Days after the debut of its feature film adaptation, Lin-Manuel Miranda has apologized in response to the "hurt and frustration over colorism" in In the Heights.
Miranda, who produced and starred in the new movie based on his musical In the Heights, on Monday commented on the "discussion around Afro-Latino representation in our film," saying it's "clear that many in our dark-skinned Afro-Latino community don't feel sufficiently represented" in it.
"I can hear the hurt and frustration over colorism, of feeling still unseen in the feedback," Miranda wrote. "I hear that without sufficient dark-skinned Afro-Latino representation, the work feels extractive of the community we wanted so much to represent with pride and joy. In trying to paint a mosaic of this community, we fell short.

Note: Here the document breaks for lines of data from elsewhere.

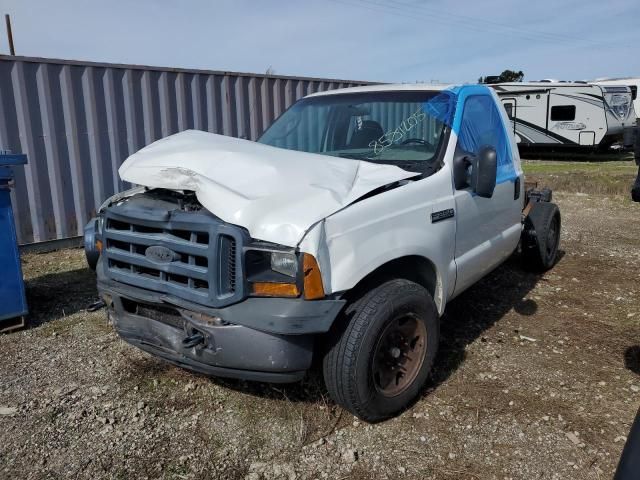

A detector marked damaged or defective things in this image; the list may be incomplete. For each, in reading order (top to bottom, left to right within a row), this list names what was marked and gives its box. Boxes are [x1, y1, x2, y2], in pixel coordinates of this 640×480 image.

crumpled hood [119, 129, 418, 246]
crushed front end [89, 190, 344, 382]
rusty wheel rim [372, 314, 428, 396] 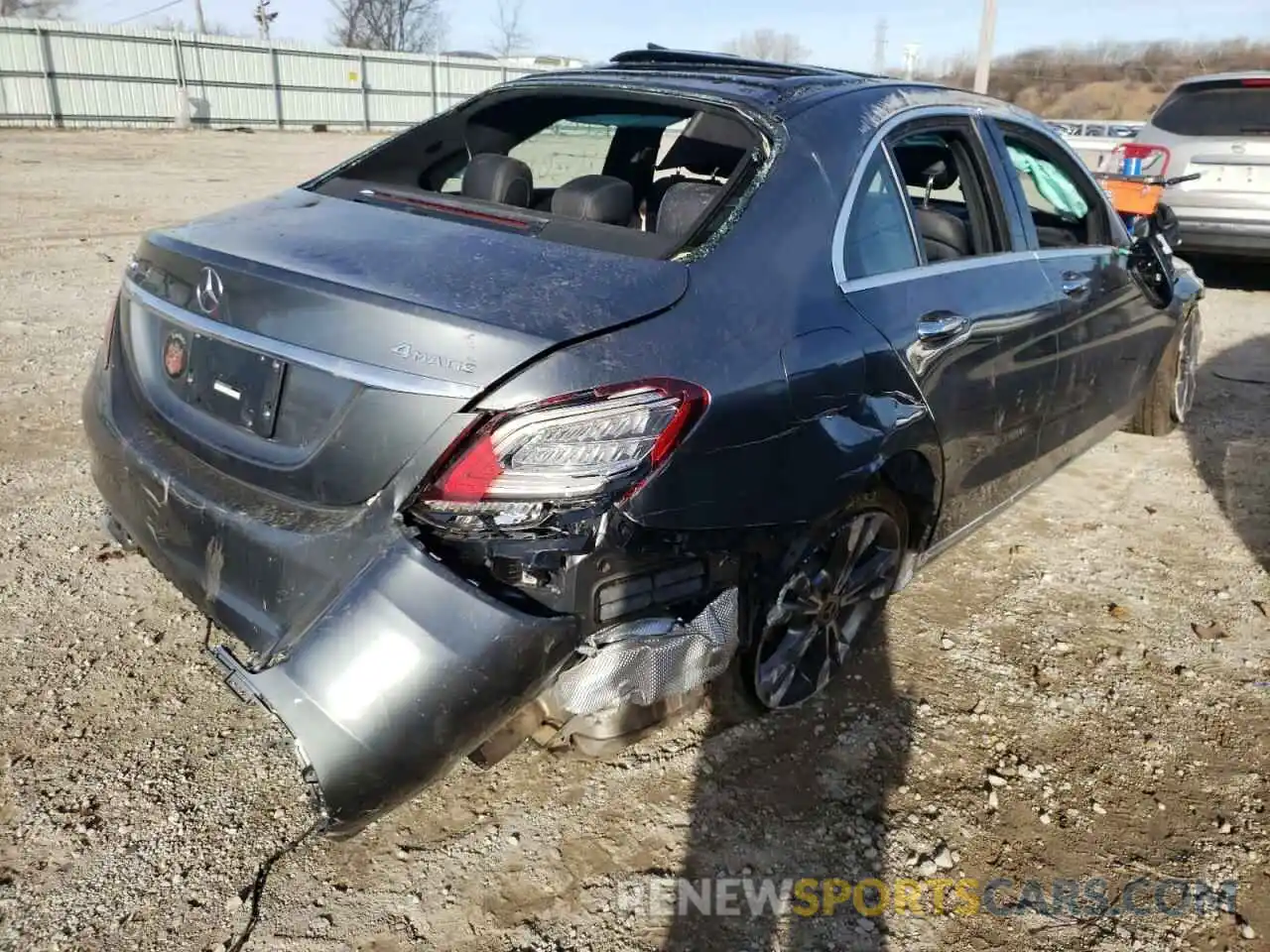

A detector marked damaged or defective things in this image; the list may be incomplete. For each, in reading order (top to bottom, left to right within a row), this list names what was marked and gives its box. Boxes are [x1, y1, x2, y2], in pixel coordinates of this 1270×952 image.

broken taillight [416, 378, 715, 531]
damaged gray mercedes-benz sedan [79, 47, 1199, 832]
detached bumper piece [209, 540, 581, 837] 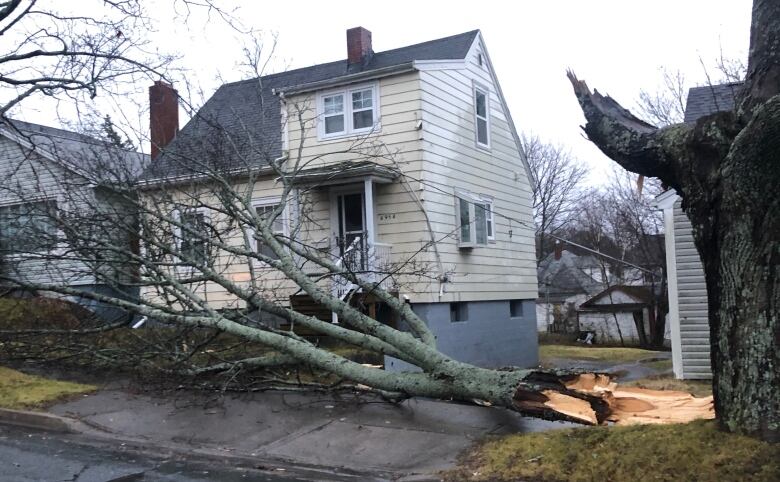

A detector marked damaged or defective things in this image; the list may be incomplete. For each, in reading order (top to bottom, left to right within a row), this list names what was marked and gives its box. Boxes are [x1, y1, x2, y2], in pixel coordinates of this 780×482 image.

splintered wood [516, 372, 716, 426]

I'm truly sorry."
The Root's Felice León had been among those to raise this criticism of In the Heights, a musical set in New York's Washington Heights, writing that "we absolutely need to discuss why there is only one dark-skinned Black lead (who is portraying a Black non-Latinx character) in the film." In an interview with the film's director, Jon M. Chu, León noted that "most of your principal actors were light skinned or white passing Latinx people," to which Chu said that "in the end, when we were looking at the cast, we tried to get the people who were best for those roles." But Chu added that this is a "really good conversation to have," and "we're not going to get everything right in a movie."
Miranda on Monday thanked those who provided this "honest feedback" about In the Heights, saying he is "trying to hold space for both the incredible pride in the movie we made and be accountable for our shortcomings." He concluded by promising to "do better in my future projects."